Il tutto si consuma a un centinaio di metri dal Parlamento inglese, forse obiettivo dell’assassino entrato in azione con uno scopo dimostrativo, eclatante più che di sostanza. Sarebbe stato folle immaginare di poter entrare nel Parlamento.

Subito circolano le prime voci, senza alcun riscontro oggettivo, che l’assassino è un Imam di una moschea londinese.

E tutto il mondo cade nella trappola del terrorismo internazionale: non esiste emittente televisiva che non sia stata impegnata decine di ore a raccontare e commentare l’accaduto. Il risultato è quello atteso dalla rete terroristica internazionale: con un solo uomo a concentrato su di se l’attenzione del mondo intero! Con un messaggio di estrema chiarezza: potete vincere in Siria, riprendervi un pezzo di terra devastata, ma la guerra ideologica è difficile da vincere anzi, le vostre politiche discriminanti e restrittive favoriscono il processo di radicalizzazione aumentando la possibilità di colpire dentro casa vostra con quell’esercito informale sparso in ogni angolo del mondo. L’attenzione mediatica su episodi di questo tipo produce il rischio dell’emulazione, facile effetto riproduttivo che trova terreno fertile nei luoghi in cui i processi di integrazione non hanno funzionato.
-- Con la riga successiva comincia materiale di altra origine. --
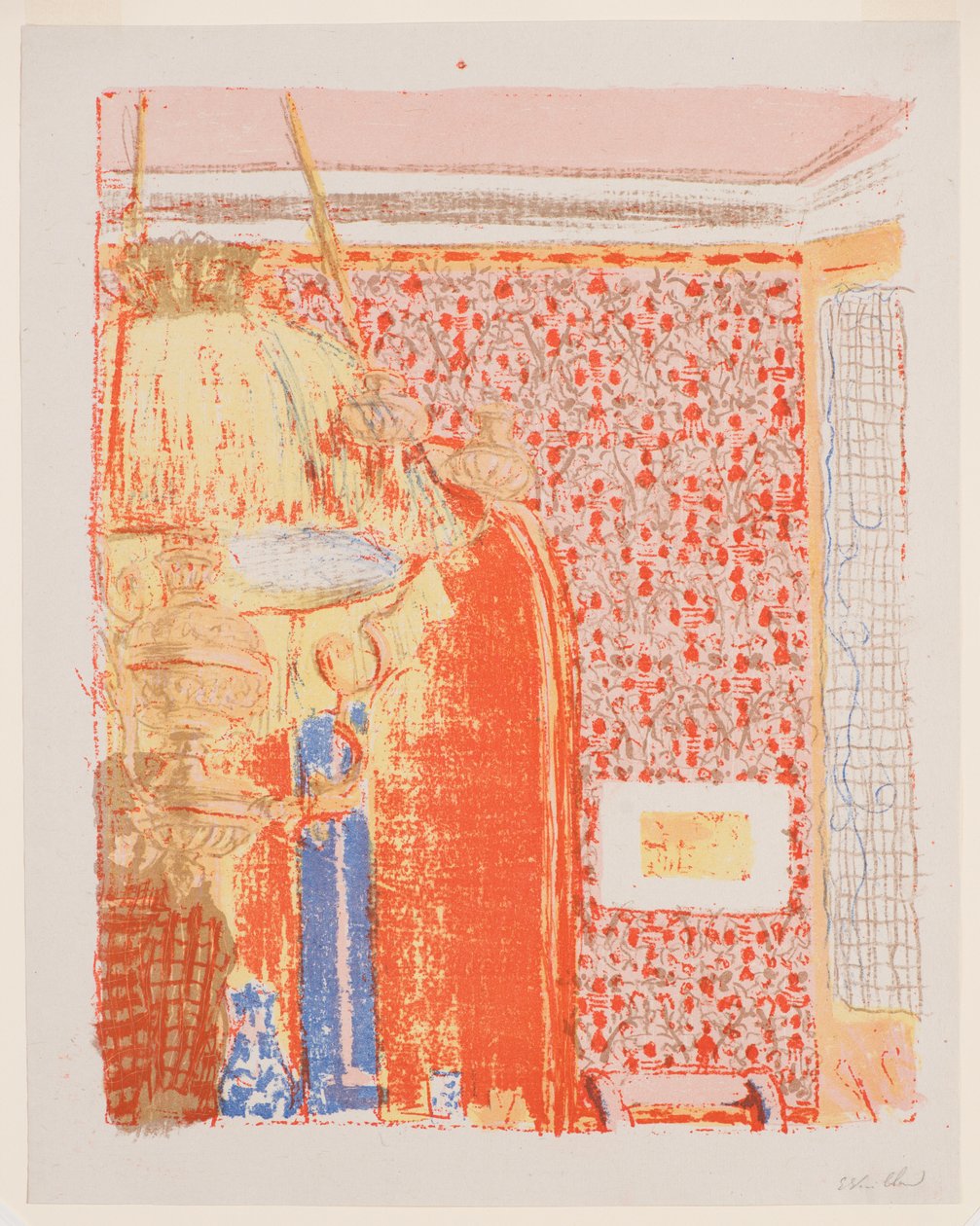 Landschaften und Innenräume: Innenraum mit rosa Tapete II von Edouard Vuillard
Una riflessione la impone il fatto che un atto violento come quello di ieri si sia consumato in una metropoli a tradizione multietnica come Londra.

Ma i commentatori delle interminabili dirette sono concentrati a cercare il movente dell’attentato: sarà forse la risposta alla decisione di vietare l’uso di computer e tablet sui voli provenienti da alcuni Paesi? O, piuttosto, una risposta all’accelerazione dell’impegno militare occidentale in Siria? O, ancora…

Ai giorni nostri è ancora raro incrociare qualcuno che ponga l’attenzione sul fatto che le questioni si decidono con le guerre piuttosto che con dialogo e che forse la strada giusta è quella della convivenza nel rispetto reciproco delle diversità.

L’informazione, la comunicazione, i social media, se usati male possono diventare un arma micidiale, sono un po’ come il coltello che ieri a Londra ha colpito a morte un poliziotto: perché un coltello lo puoi usare per tagliare il pane da distribuire a chi ha fame o lo puoi usare per uccidere una persona!

E ci vuole poco perché l’indignazione, seppure giusta, si trasformi in odio verso qualcuno riproducendo dinamiche conflittuali.

Non è forse questo l’obiettivo della rete terroristica internazionale?